In this lab session, we will look at Dutch dialect data. Make sure you have the most recent version of R
64 bits installed.
You can download the R markdown file here: lab5.Rmd, add your answers to this file, and generate the HTML report (see also the final section).
Load the required packages and download the required files
# test if the necessary packages are installed if not, install them
packages <- c("mgcv", "itsadug", "car")
if (length(setdiff(packages, rownames(installed.packages()))) > 0) {
install.packages(setdiff(packages, rownames(installed.packages())), repos="http://cran.us.r-project.org")
}
# load the packages
library(mgcv)
library(itsadug)
library(car)
# download and load the following files containing the dataset and some functions:
download.file("http://www.let.rug.nl/wieling/statscourse/lecture5/lab/functions.R", "functions.R")
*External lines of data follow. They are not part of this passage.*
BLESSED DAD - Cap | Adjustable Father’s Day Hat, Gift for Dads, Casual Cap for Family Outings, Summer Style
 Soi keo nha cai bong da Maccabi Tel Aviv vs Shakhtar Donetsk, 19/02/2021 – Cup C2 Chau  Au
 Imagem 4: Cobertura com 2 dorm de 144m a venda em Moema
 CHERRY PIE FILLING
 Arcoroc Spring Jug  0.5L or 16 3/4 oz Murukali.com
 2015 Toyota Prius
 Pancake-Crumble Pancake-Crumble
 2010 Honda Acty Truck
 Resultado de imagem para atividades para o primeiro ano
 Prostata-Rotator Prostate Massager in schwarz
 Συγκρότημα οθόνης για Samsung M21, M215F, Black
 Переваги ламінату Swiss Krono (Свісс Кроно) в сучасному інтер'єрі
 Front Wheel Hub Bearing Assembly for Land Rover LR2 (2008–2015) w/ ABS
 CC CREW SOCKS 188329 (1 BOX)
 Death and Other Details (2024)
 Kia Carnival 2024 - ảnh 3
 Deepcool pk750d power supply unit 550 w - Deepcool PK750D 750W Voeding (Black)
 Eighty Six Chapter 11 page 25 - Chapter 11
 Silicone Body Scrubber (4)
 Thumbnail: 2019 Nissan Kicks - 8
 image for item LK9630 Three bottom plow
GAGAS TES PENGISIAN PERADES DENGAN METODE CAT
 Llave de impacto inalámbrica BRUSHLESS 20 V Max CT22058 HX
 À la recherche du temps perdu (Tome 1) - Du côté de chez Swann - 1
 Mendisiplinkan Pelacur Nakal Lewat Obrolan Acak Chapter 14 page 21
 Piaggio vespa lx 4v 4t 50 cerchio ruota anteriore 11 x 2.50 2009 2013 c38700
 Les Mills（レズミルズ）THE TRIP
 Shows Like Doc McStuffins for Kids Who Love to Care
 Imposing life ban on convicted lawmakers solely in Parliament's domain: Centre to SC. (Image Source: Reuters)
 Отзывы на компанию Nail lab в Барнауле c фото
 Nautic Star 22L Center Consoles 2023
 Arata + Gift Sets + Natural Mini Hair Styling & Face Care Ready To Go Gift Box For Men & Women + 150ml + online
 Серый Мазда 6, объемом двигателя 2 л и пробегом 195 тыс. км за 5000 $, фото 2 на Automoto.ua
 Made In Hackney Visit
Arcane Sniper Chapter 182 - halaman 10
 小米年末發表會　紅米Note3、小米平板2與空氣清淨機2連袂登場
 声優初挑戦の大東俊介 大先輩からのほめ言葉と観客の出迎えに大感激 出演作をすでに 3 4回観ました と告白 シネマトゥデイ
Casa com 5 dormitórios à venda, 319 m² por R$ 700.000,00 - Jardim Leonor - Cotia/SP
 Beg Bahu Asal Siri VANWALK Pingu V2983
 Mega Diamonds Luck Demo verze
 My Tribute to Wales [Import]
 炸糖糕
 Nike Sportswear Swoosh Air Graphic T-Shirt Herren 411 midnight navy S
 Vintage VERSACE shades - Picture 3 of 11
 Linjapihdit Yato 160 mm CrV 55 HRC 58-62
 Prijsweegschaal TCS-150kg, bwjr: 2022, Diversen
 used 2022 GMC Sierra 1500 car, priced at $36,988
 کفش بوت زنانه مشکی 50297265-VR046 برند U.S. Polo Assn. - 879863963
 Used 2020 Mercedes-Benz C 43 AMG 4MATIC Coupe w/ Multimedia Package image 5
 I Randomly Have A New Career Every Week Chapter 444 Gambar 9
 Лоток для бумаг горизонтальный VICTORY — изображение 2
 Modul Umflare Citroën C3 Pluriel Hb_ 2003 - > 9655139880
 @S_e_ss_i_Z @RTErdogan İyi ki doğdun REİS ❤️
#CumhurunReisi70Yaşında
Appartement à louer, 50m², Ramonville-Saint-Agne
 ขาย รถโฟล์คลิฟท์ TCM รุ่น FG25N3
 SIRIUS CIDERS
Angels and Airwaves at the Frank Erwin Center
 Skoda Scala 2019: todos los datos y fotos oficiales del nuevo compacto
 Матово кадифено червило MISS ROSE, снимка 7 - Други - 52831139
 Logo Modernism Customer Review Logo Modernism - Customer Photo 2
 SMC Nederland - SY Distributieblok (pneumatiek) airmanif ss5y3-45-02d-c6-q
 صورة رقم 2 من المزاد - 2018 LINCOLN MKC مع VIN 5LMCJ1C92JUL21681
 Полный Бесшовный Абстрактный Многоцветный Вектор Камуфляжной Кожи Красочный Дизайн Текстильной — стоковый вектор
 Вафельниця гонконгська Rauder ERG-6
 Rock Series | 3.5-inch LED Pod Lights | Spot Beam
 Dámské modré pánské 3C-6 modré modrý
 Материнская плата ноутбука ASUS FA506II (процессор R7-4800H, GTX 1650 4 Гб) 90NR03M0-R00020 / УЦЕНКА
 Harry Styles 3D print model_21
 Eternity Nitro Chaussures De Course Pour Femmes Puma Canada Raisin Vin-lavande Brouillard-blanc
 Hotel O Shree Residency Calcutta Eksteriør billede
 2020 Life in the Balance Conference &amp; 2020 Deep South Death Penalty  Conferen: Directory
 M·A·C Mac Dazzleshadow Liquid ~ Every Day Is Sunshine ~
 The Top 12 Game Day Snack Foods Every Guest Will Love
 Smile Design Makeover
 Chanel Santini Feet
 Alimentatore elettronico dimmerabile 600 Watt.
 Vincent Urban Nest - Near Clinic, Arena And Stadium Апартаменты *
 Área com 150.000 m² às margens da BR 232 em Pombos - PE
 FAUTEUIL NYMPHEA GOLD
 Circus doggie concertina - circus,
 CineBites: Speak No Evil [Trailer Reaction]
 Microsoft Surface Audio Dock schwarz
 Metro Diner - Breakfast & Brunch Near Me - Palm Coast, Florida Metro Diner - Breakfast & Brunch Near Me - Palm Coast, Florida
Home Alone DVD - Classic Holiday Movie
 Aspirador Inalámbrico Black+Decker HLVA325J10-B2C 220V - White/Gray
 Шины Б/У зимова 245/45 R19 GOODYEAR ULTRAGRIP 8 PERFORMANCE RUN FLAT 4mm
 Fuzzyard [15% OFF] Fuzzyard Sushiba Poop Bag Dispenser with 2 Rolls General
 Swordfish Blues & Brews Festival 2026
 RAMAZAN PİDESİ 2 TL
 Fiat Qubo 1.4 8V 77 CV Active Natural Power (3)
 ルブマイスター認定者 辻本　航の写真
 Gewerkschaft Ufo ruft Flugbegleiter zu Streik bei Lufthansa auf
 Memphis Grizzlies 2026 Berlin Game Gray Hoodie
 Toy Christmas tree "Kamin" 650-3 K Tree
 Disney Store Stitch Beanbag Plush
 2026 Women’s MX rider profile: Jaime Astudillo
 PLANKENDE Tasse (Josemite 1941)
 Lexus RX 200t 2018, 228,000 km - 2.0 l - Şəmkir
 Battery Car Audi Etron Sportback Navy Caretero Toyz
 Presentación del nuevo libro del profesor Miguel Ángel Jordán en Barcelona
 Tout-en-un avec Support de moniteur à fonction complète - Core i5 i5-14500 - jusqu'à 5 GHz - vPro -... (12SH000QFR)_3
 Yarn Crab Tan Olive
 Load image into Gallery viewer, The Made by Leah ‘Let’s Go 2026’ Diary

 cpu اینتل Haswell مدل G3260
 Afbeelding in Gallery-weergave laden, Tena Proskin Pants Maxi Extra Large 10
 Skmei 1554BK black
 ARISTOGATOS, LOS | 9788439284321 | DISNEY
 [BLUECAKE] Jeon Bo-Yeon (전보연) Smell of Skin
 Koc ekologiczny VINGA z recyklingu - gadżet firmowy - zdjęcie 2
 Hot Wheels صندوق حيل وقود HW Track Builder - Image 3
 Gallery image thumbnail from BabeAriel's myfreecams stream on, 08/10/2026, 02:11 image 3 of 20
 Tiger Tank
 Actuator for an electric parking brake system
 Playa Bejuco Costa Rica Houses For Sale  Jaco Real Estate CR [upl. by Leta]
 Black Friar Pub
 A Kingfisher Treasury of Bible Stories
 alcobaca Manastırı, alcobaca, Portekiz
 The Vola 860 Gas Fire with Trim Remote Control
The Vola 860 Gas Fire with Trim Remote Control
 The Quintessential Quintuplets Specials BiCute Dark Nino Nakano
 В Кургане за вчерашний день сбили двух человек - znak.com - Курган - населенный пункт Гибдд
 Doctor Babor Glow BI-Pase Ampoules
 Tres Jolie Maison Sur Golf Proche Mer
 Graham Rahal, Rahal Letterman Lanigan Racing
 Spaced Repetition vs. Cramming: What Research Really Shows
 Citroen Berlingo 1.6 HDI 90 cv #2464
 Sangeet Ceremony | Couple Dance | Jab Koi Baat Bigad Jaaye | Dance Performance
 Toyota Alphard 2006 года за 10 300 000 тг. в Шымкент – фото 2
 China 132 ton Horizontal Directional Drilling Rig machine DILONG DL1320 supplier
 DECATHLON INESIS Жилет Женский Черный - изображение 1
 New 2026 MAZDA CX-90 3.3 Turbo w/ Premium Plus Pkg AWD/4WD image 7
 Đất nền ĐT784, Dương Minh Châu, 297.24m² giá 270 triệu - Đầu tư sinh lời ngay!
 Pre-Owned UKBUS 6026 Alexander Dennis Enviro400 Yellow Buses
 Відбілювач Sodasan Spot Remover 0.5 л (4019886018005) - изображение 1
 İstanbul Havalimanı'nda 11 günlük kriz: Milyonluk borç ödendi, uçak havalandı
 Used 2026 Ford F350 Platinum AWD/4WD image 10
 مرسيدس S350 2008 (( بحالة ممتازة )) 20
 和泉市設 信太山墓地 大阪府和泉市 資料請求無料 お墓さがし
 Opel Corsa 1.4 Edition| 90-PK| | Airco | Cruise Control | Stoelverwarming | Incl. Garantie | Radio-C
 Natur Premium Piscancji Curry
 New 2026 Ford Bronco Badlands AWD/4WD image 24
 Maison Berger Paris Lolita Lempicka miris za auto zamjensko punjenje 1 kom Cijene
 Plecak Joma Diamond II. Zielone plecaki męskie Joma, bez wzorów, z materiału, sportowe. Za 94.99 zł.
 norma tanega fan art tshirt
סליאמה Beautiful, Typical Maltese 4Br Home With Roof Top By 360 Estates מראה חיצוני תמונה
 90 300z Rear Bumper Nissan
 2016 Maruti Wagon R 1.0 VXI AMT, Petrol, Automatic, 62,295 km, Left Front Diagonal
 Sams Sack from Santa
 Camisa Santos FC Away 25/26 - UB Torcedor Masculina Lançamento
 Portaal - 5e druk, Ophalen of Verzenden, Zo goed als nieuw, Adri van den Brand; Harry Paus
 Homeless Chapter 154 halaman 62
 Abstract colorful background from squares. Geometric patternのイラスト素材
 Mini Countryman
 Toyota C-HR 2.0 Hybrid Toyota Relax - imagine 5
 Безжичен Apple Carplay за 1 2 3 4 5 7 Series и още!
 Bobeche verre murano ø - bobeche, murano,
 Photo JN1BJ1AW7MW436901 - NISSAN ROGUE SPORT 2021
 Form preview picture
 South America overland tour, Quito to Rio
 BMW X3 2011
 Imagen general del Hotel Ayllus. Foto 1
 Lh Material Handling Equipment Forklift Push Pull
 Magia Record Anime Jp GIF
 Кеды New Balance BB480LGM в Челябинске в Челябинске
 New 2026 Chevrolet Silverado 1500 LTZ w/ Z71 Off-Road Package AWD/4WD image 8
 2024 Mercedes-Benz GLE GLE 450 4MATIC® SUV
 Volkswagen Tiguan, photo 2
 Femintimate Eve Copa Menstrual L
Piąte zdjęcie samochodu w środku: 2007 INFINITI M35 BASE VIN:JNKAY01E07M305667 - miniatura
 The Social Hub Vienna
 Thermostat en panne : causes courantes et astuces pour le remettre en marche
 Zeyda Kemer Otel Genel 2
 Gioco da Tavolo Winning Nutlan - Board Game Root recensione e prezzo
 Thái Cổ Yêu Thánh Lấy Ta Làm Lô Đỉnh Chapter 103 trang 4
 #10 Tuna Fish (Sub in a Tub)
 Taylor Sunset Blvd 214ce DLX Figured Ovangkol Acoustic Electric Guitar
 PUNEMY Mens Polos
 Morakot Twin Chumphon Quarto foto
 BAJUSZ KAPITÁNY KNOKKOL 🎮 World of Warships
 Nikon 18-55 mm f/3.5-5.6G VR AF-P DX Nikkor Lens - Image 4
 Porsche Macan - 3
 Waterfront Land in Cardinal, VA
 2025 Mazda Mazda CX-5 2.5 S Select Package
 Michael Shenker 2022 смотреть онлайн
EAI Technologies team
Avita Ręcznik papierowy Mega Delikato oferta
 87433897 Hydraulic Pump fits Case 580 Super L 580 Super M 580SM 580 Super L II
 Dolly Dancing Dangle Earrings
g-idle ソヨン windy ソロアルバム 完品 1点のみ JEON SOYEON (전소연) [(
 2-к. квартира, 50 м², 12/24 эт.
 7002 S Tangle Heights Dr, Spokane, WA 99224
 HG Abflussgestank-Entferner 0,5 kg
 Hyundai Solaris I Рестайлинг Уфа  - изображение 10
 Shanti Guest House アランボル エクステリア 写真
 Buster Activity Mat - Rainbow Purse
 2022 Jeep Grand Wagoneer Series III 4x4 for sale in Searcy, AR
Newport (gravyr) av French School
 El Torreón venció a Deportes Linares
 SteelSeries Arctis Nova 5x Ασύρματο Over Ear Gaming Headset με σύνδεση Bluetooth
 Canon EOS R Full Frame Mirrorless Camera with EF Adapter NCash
download.file("http://www.let.rug.nl/wieling/statscourse/lecture5/lab/dialectdata.rda", "dialectdata.rda")
source("functions.R") # custom plotting functions
load("dialectdata.rda") # Dutch dialect data, subset of 48 words
# display version information
R.version.string
packageVersion("mgcv")
packageVersion("itsadug")
packageVersion("car")
Look at the data to discover its structure. Note that predictors were standardized (z-transformed) and log-transformed (if appropriate). The dependent variable (LD
) was centered. To z-transform a variable, you can use scale(dat$predictor)
. To center a variable, you can use scale(dat$predictor,scale=F)
. To log-transform you can use log(dat$predictor)
. You can check if log-transorming is necessary by plotting the density of the predictor with plot(density(dat$predictor))
.
Investigate the data yourself.
# your code goes here
We first create a simple generalized additive model in which we assess the influence of geography (i.e. the interaction between Longitude
and Latitude
). As Longitude
and Latitude
are on the same scale, we can use s()
.
model1 <- bam(LD ~ s(Longitude, Latitude), data = dialectdata)
summary(model1)
To visualize the partial effect of geography (i.e. excluding all other effect in the model summary: in this case only the non-significant intercept), we can use pvisgam
pvisgam(model1, view = c("Longitude", "Latitude"), select = 1, color = "topo", too.far = 0.05)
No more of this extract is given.